WHAT IS BEING ASKED:
Leave out the pictures and retype, exactly, the lines below from the line with "小白鷺 - ML650448378" up to and including the line with "Aneto, between 1883", nothing more.

AVAILABLE DATA:
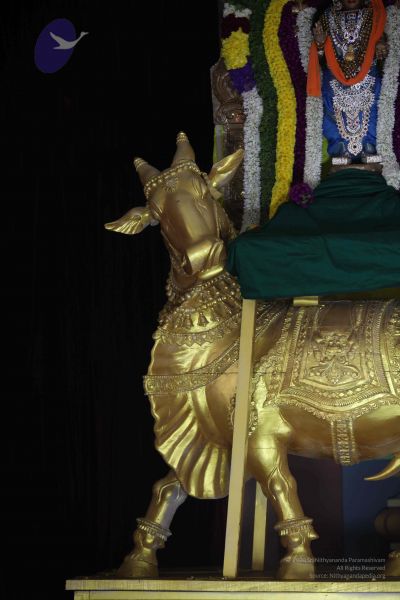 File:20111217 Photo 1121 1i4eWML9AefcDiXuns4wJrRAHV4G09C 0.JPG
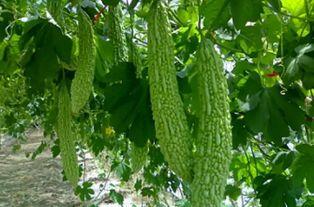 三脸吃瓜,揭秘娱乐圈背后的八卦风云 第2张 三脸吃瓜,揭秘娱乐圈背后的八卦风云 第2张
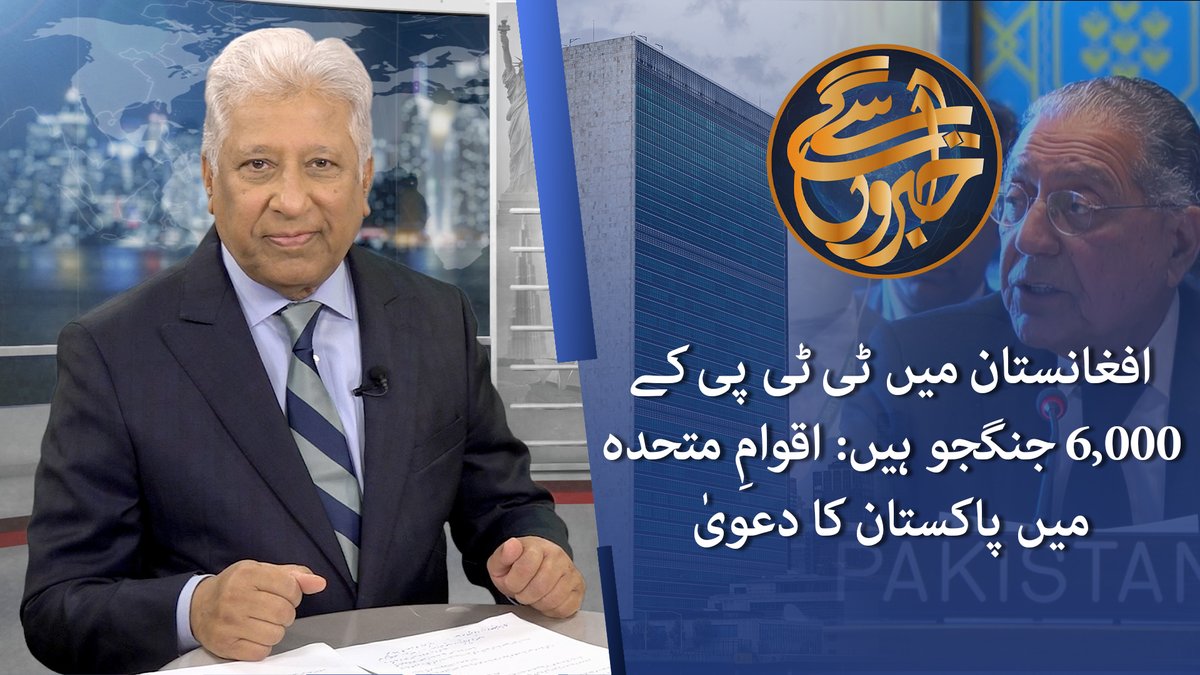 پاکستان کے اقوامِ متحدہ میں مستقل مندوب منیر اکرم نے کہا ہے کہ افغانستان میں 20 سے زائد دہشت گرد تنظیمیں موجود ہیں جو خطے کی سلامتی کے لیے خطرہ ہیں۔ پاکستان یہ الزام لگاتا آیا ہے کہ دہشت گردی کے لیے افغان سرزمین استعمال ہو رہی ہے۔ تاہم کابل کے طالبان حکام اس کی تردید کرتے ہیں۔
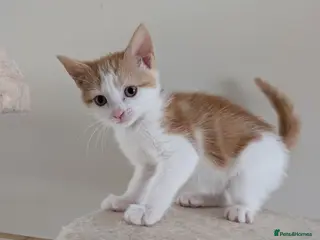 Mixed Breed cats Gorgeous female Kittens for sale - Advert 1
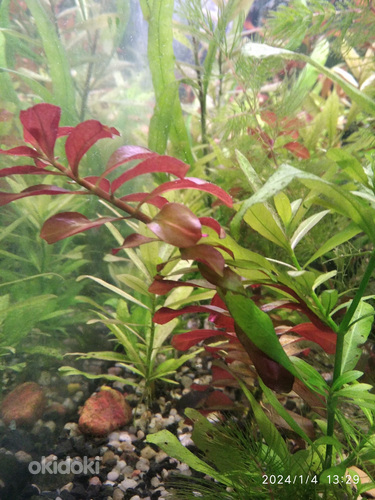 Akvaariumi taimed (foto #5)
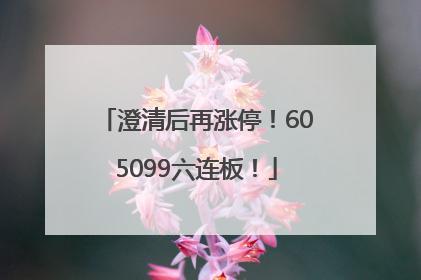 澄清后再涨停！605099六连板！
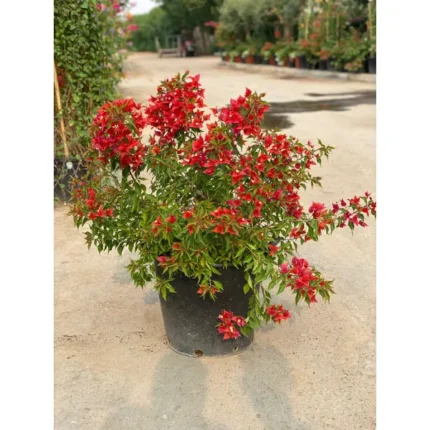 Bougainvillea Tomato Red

* * *

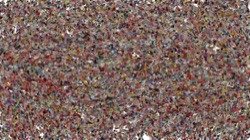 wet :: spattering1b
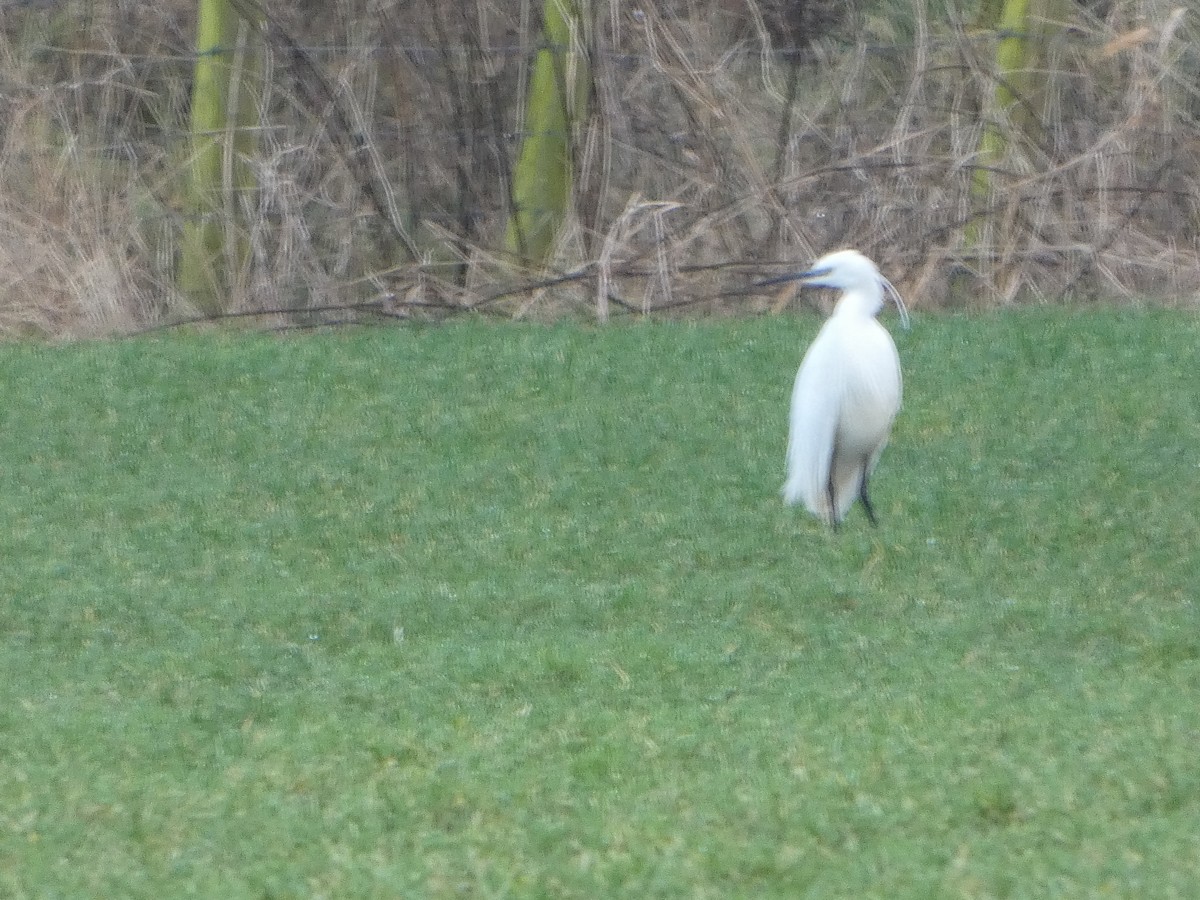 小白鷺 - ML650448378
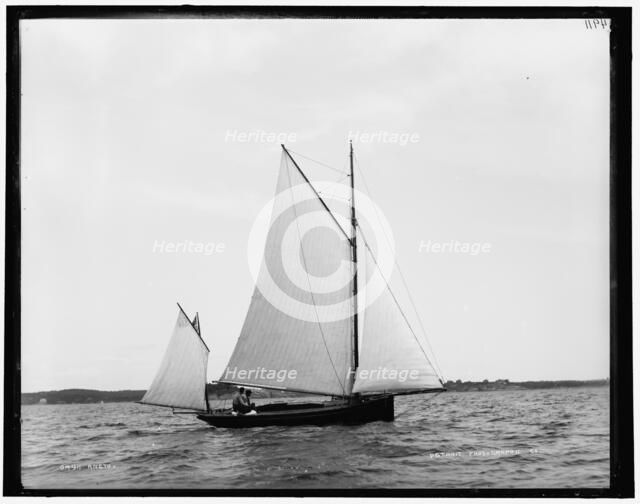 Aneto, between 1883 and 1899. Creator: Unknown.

FINAL ANSWER:
 小白鷺 - ML650448378
 Aneto, between 1883 and 1899. Creator: Unknown.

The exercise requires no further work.